The U.S. Army Corps of Engineers announced this week they will rebuild the Bird’s Point Levee, but only to a height of 51 feet, 11 feet below its original height.
The announcement was met with harsh criticism from farmers, politicians and the Missouri Farm Bureau, who support restoring the levee to a height of 62 feet. That’s where the levee stood before the Corps blasted three holes in the structure in May to relieve flooding in nearby Cairo, Ill.
As a result, 130,000 acres of prime Missouri farmland were flooded, along with about 90 homes, forcing about 200 people to evacuate. It was estimated that the Birds Point levee breach caused a $65 million loss to the agricultural economy in the area due to flooding.
Missouri Farm Bureau president and no-tiller farmer Blake Hurst said in a statement that the Corps’ decision to rebuild the levee to 51 feet “will, in effect, end farming on 130,000 acres of the most productive farmland in the world. Their decision is impossible to understand and will devastate hundreds of hard working farm families. The Corps must rebuild the levees to 62 feet.”
For their part, the Corp of Engineers indicate they will spend $15 million to rebuild the levee to 51 feet, and an additional $20 million will be needed to fully established the levee at 62 feet. If Congress doesn’t appropriate the additional $20 million the levees won’t be able to be rebuilt to the original height. Officials say the Corps will see budget cuts next year, and for fiscal year 2012 the Memphis District has a $56 million budget, which is down from the previous year’s $87 million.
At a meeting Monday night of the Mississippi River Commission’s annual low-water inspection trip, speakers criticized corps officials for “a shoddy performance,” having a “policy of inaction” and of “playing politics.” More than two dozen people addressed the commission in a room of about 200 aboard the Motor Vessel Mississippi, the Corps’ Memphis District diesel-powered boat that hauled the explosives to Bird’s Point in May.
Much of the criticism was directed at Maj. Gen. Michael Walsh, president of the commission and commander of the Corps’ Mississippi Valley Division. Walsh gave the order to activate the floodway last spring.
Many speakers questioned the wisdom of blowing holes in the levee to relieve flooding in Cairo, Il., Hickman, Ky., and Cape Girardeau, Mo., while others focused on the Corps’ decision to rebuild the levee to 51 feet on the Cairo gauge, rather than the previous 62 feet.
Speaking in favor of rebuilding the levee to its pre-blast height was U.S. Congresswoman Jo Ann Emerson, a Cape Girardeau Republican. She said she cannot understand “even a moment’s delay in setting right the lives which have been overturned. The people of this region ask for nothing more than the opportunity to work their land.”

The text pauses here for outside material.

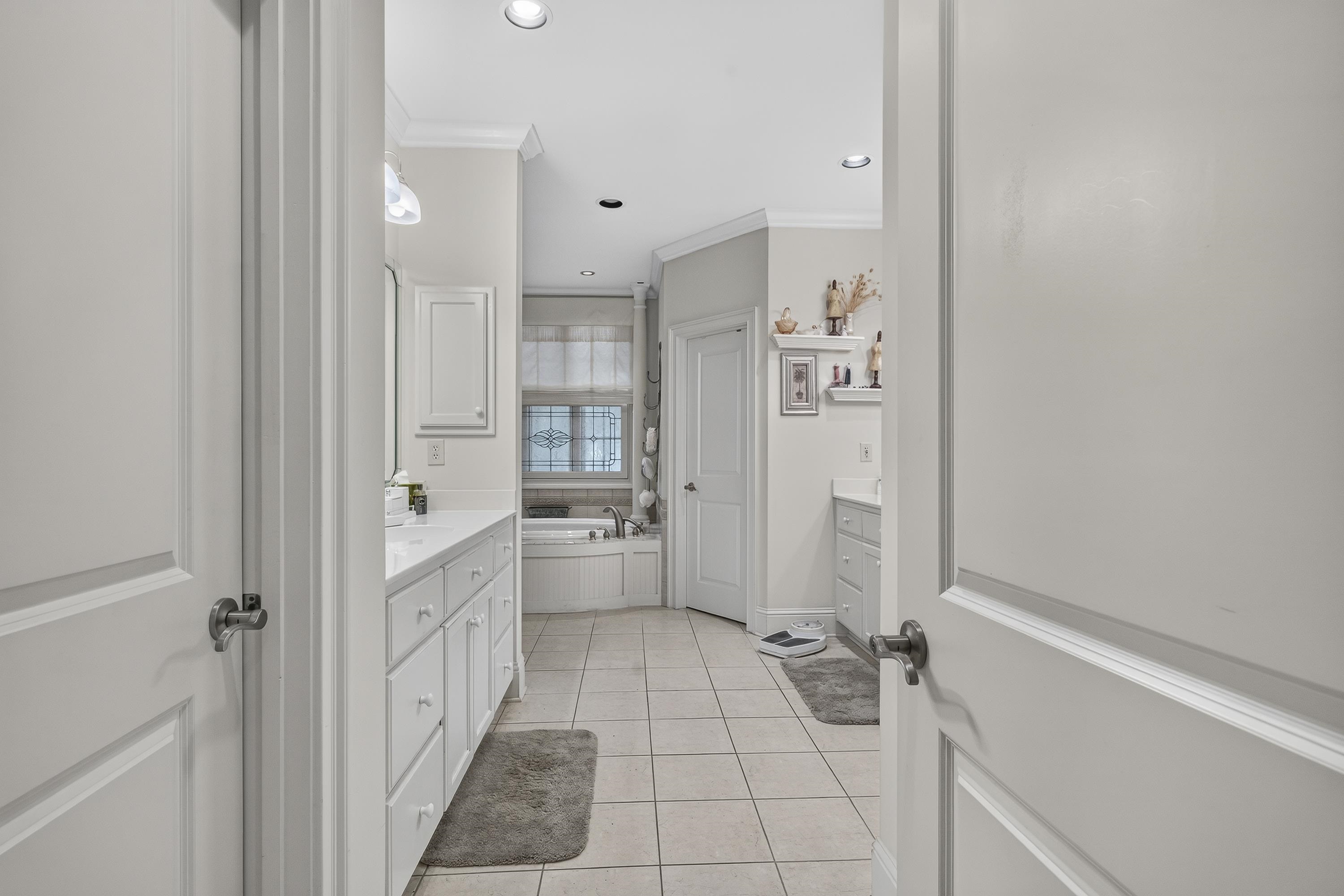 229 REYNOLDS DRIVE image 63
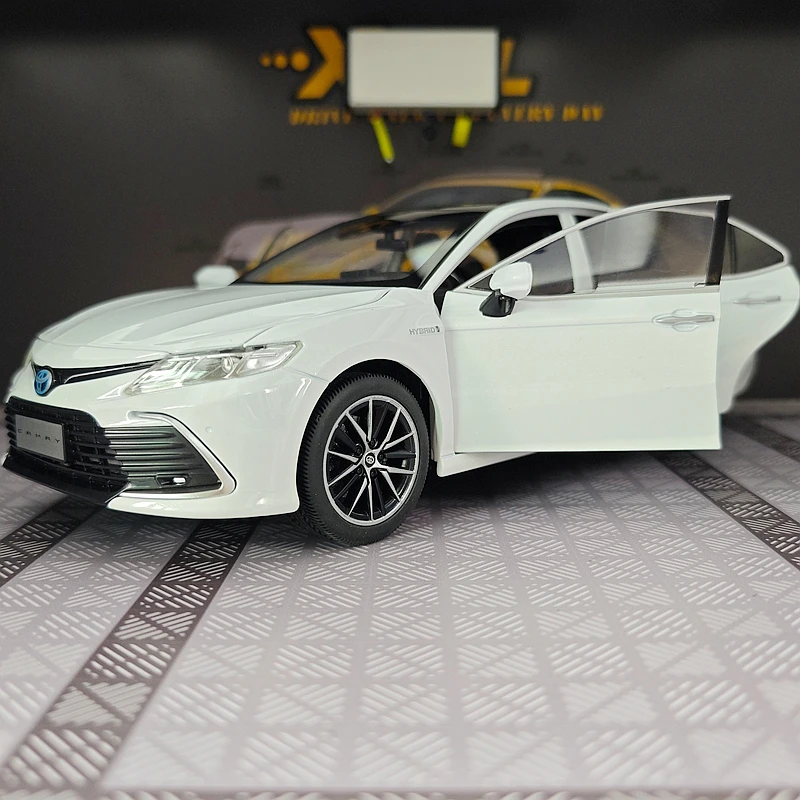 1:18 Simulated Toyota Camry 2023 alloy car model steering shock absorber large sedan ornament
1:18 Simulated Toyota Camry 2023 alloy car model steering shock absorber large sedan ornament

Area farmers note that without sufficient flood protection, insurance is nearly impossible to obtain, and it is estimated that without a 62-foot levee crops have a 50 – 50 chance of being destroyed by flooding. Records show the Mississippi River has risen above 51 feet at the Cairo gauge 12 times in the last 20 years.
Missouri Senator Roy Blunt and Governor Jay Nixon both support rebuilding the Bird’s Point Levee to its original height.